Assessment 2
- In Module 1 you were introduced to the idea of marginal analysis. In Module 2 you learned about the model of supply and demand in various markets (product, labor, financial). How do buyers make decisions “at the margin” when considering whether to trade money for what the seller is selling? How do sellers make decisions at the margin when considering whether to sell what they have for money? Make sure to recall how people make decisions at the margin, and consider connecting your answer to the concept of consumer surplus, producer surplus, and opportunity costs.

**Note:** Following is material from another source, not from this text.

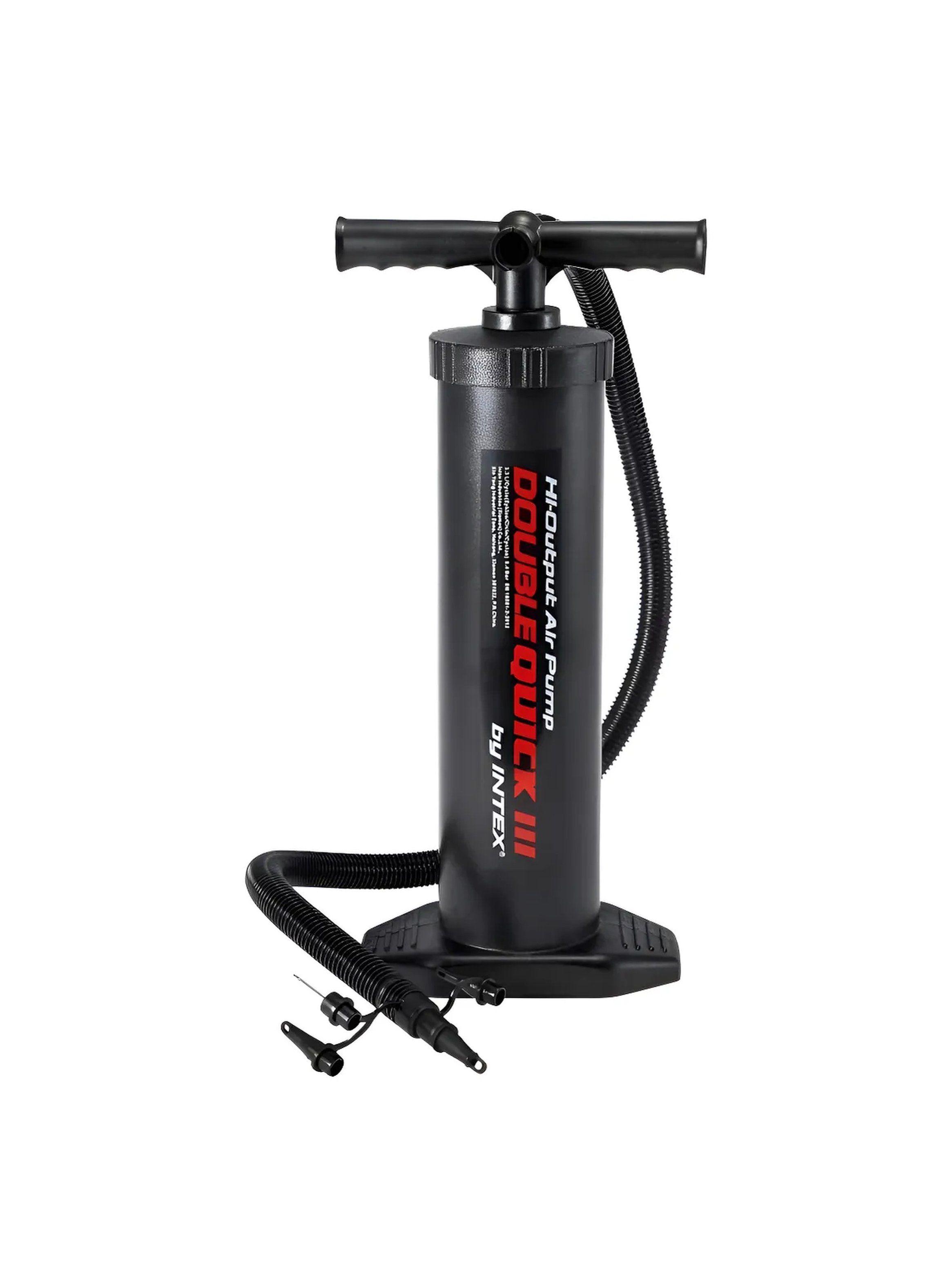 Bomba de Aire Manual Doble Acción Compatibilidad Universal-0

- Give a realistic and unique example of how equilibrium prices (p*) and equilibrium quantity (q*) are re-established after the puncturing of equilibrium (i.e., the demand and/or supply curve shift). Explain what would cause one or both of the curves to shift, if this would create a surplus or shortage, and the ensuing pressure this would have on prices and quantity purchased/sold to change as a result. Make sure to accurately discuss changes in quantity supplied or demanded vs. changes in supply or demand.
- Give a unique (realistic or fictional) example of the government interfering in a market to institute a price control (price ceiling or price floor). Explain the government’s goal with implementing the price control. Explain who is likely to benefit and who is likely to lose, including reference to deadweight loss. What suggestion would you make instead of a price control that will help meet the government’s goal with less negative impact (explain the economic impact this has in the market)?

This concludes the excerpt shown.